If a circuit is activated by the electromotive force $E=V_0\sin(nt)$ where $t$ and $V_0$ are constants, then the current I at time t satisfies the differential equation $$L\frac{d^2I}{dt^2} + R\frac{dI}{dt}+\frac{1}{C} I=\frac{dE}{dt}$$ where $C$, $L$ and $R$ are constants and positive.
1) Describe how I varies with t when $CR^2\gt4L$
2) Show that after some time it settles to a regular oscillation given by $I=a\sin(nt) + b\cos(nt)$, where a and b are constants, and hence show that this can be written in the form $I=K\sin(nt+\alpha)$, where $K$ and $\alpha$ are constants.
3) Hence ultimately express $K$ in terms of $V_0$, $C,$ $L,$ $R,$ and $n.$
My approach is as follows: $$\frac{dE}{dt}=nV_0\cos(nt)$$ $$L\frac{d^2I}{dt^2} + R\frac{dI}{dt}+\frac{1}{C}I=nV_0\cos(nt)$$ Then I tried to find the complementary function: $$L\lambda^2+R\lambda+\frac{1}{C}=0$$ $$\lambda=-\frac{R\pm\sqrt{(CR^2-4L)\frac{1}{C}}}{2L}$$ Next I tried to find the particular solution by letting $I=a\sin(nt)+b\cos(nt)$ and substitute into $L\frac{d^2I}{dt^2} + R\frac{dI}{dt}+\frac{1}{C}I=nV_0\cos(nt)$ which ultimately brought me to the result $a=b=\frac{V_0}{2R}$ and this gives $K$ to be $\sqrt{2}\frac{V_0}{2R}$ which is of course wrong.
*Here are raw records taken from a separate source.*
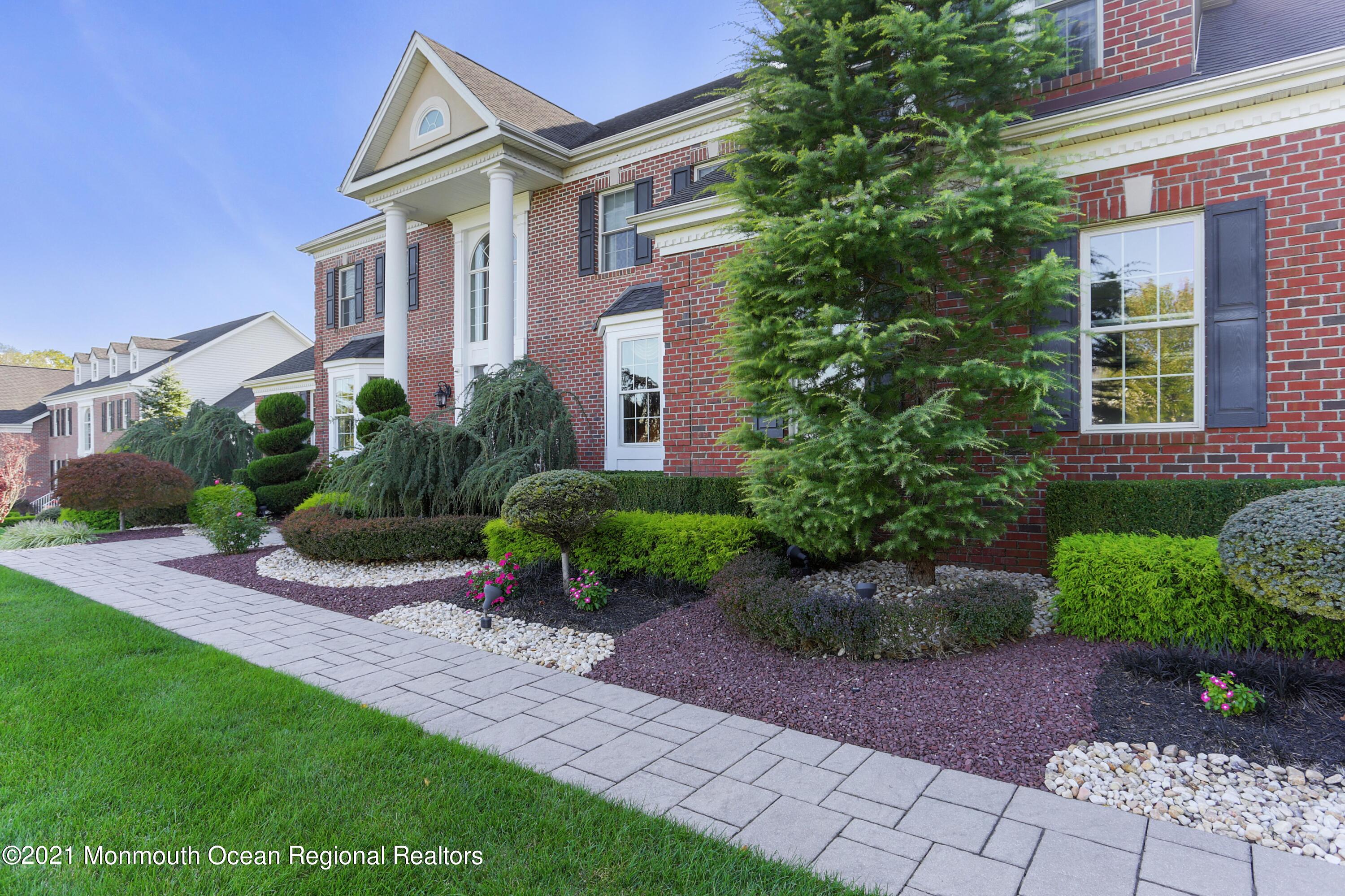 4 Yorktown Road Morganville, NJ 07751 - Photo 3 of 64 a front view of a house with garden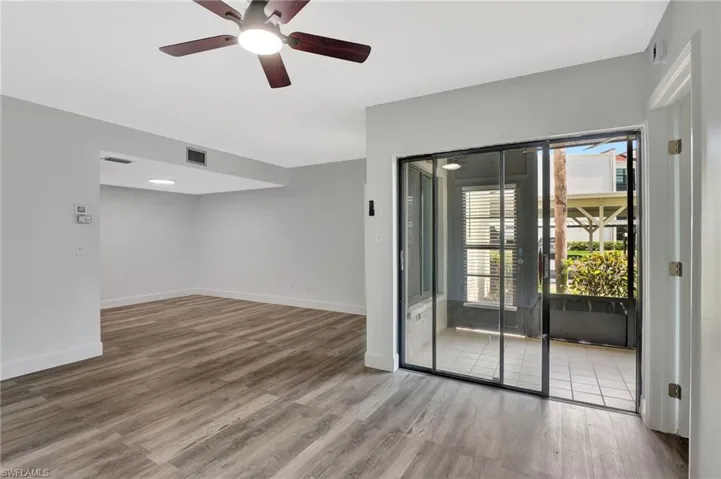 Spare room with ceiling fan, baseboards, wood finished floors, and visible vents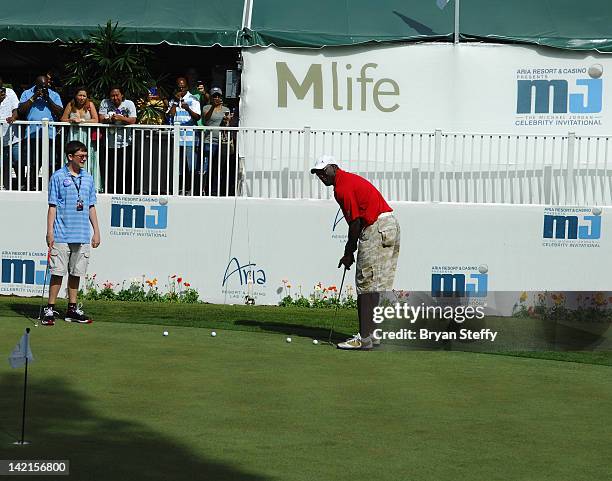 Michael Jordan fulfills a wish for Make-A-Wish child Lucas Stroud at the 11th Annual Michael Jordan Celebrity Invitational hosted by Aria Resort &...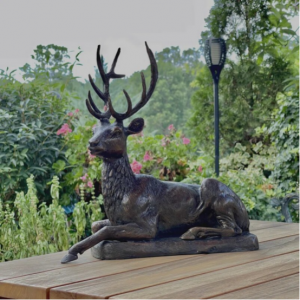 bronze deer statue in garden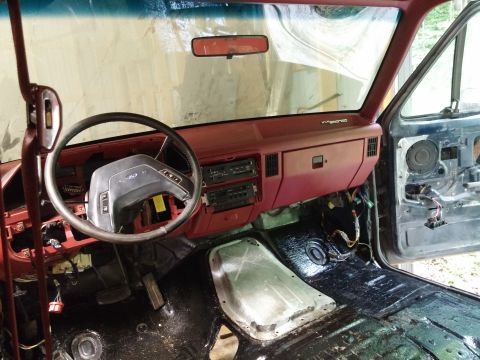 1989 Ford Bronco - The interior of a 1989 Ford Bronco shows a red dashboard and a disassembled door panel, indicating ongoing work or restoration.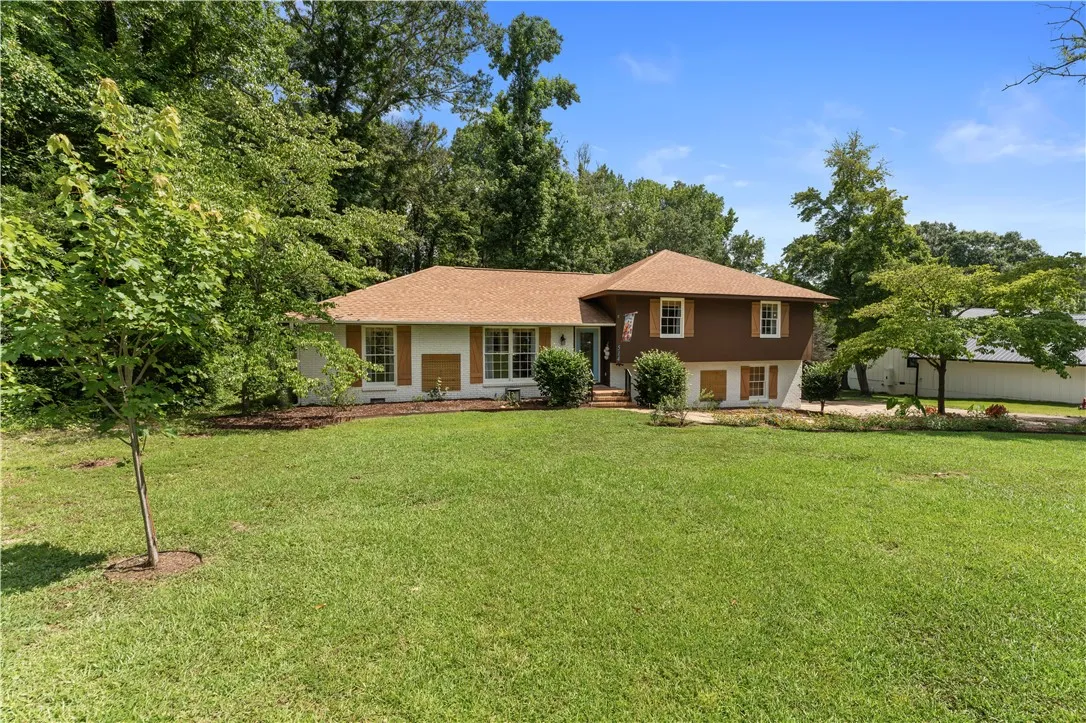 A classic facade with contrasting colors provides a welcoming presence set against a lush, green landscape.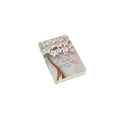 A6 floral notebook by 2BE featuring a colorful flower design on a textured cover.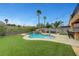 Well-manicured backyard showcasing a sparkling pool with spa, lush green grass, and a cozy outdoor seating area at 1547 Harwood Ave, Henderson, NV 89012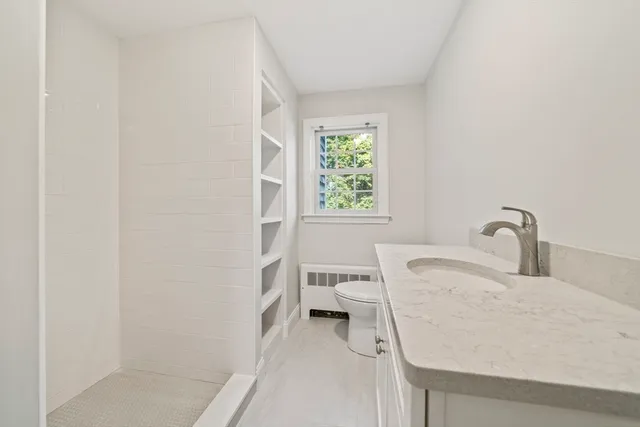 a bathroom with a sink a toilet and a window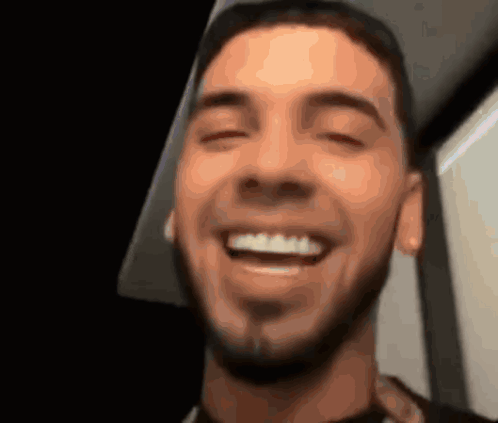 A Man With A Beard Is Smiling With His Eyes Closed And His Mouth Open GIF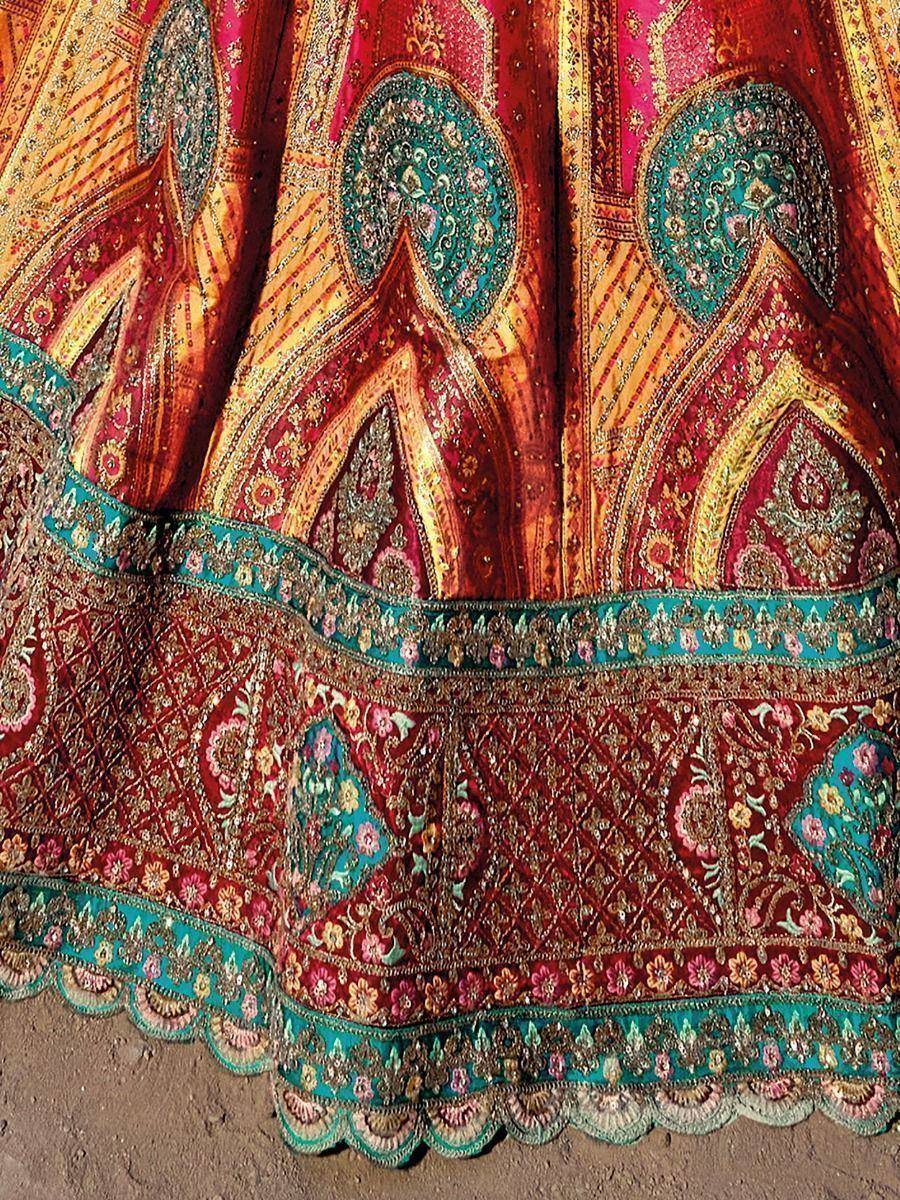 Richly embroidered Indian lehenga with intricate paisley and floral motifs in red, gold, and teal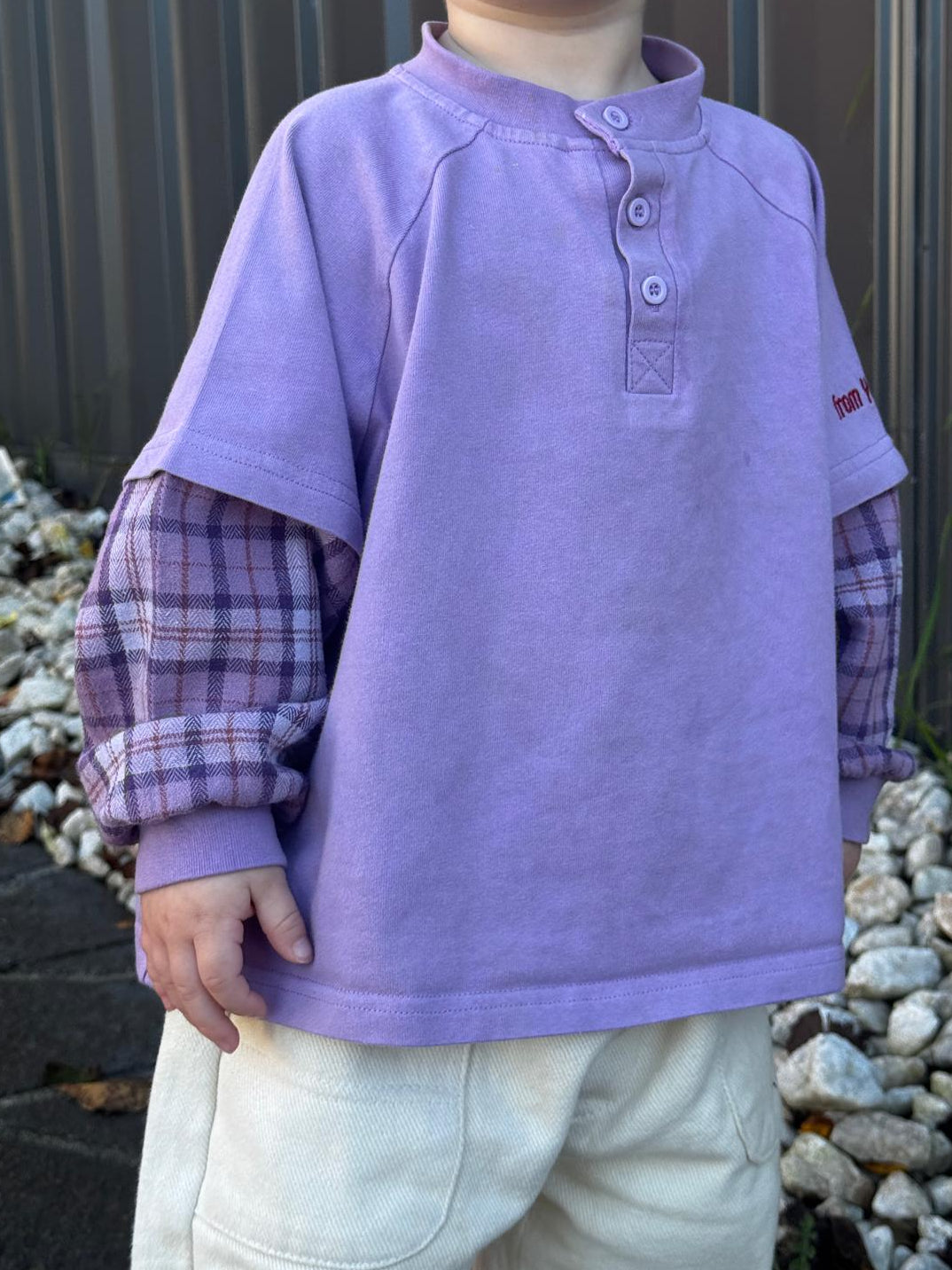 Toddler wearing purple plaid long sleeve ollie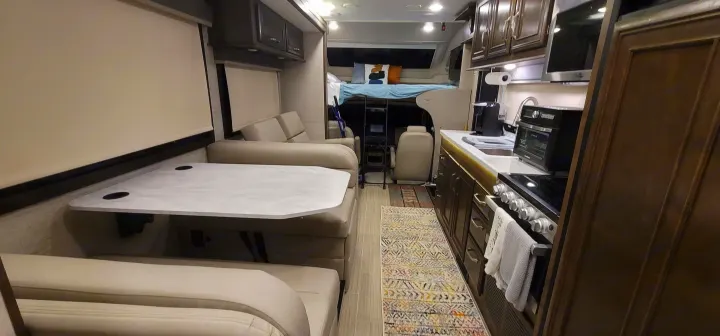 RV rental interior: A full kitchen, dinette area, and an accessible overhead bed are visible, showcasing functional space.. Entegra Esteem 29v 2022
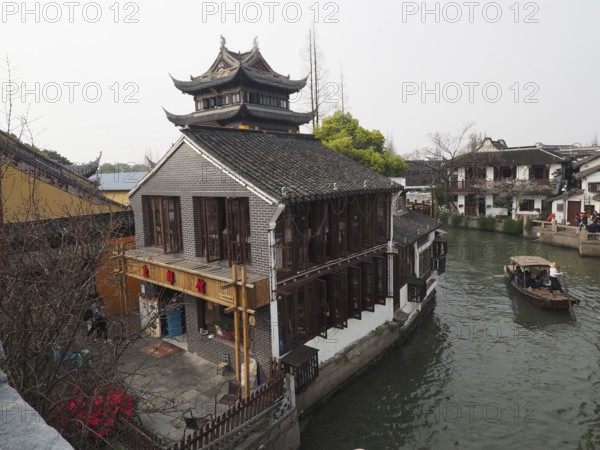 A Chinese-style building on the banks of a canal on a traditional boat, Zhujiajiao Ancient Town,
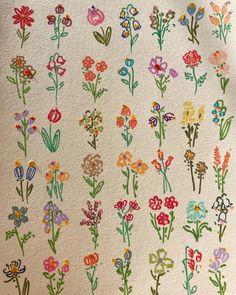 an embroidered wall hanging with colorful flowers on it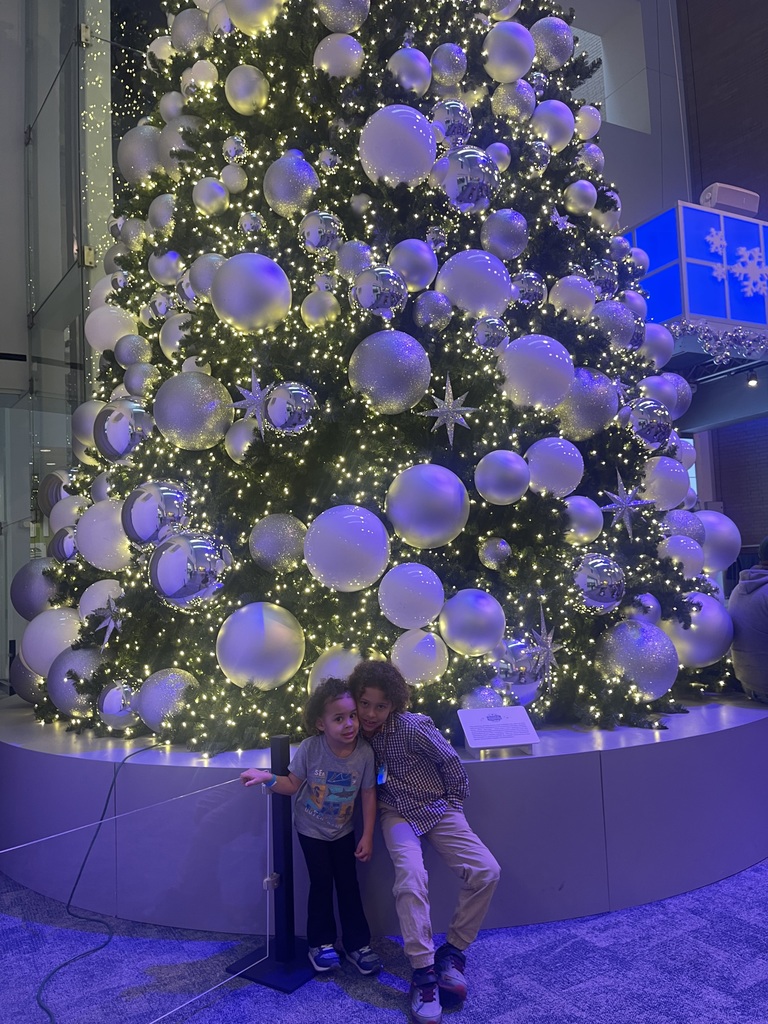 Taiden & Taleah infront of a giant xmas tree at COSI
K is supposedly $$\frac{V_0n}{\sqrt{(\frac{1}{C}-Ln^2)^2+R^2n^2}}$$
Help would be much appreciated, at the level of an A-level student please.
With your substitution: $$ \begin{array}{ccrlcrl} \frac{1}{C}I&=&\frac{a}{C}&\sin(nt)&+&\frac{b}{C}&\cos(nt) \\ R\frac{dI}{dt}&=&-Rnb&\sin(nt)&+&Rna&\cos(nt) \\ L\frac{d^2I}{dt^2}&=&-Ln^2a&\sin(nt)&+&-Ln^2b&\cos(nt) \\ \hline nV_0\cos(nt)&=&\left(\left(\frac{1}{C}-Ln^2\right)a-Rnb\right)&\sin(nt)&+&\left(\left(\frac{1}{C}-Ln^2\right)b-Rna\right)&\cos(nt) \end{array} $$ Matching the coefficients gives the system $$ \left\{ \begin{array}{rlcrll} \left(\frac{1}{C}-Ln^2\right)&a&+&-Rn&b&=0 \\ -Rn&a&+&\left(\frac{1}{C}-Ln^2\right)&b&=nV_0 \end{array} \right. $$ It should be clear from this why your $a$ and $b$ don't work, and this is a linear system (albeit a complicated one) so it shouldn't give you too much difficulty.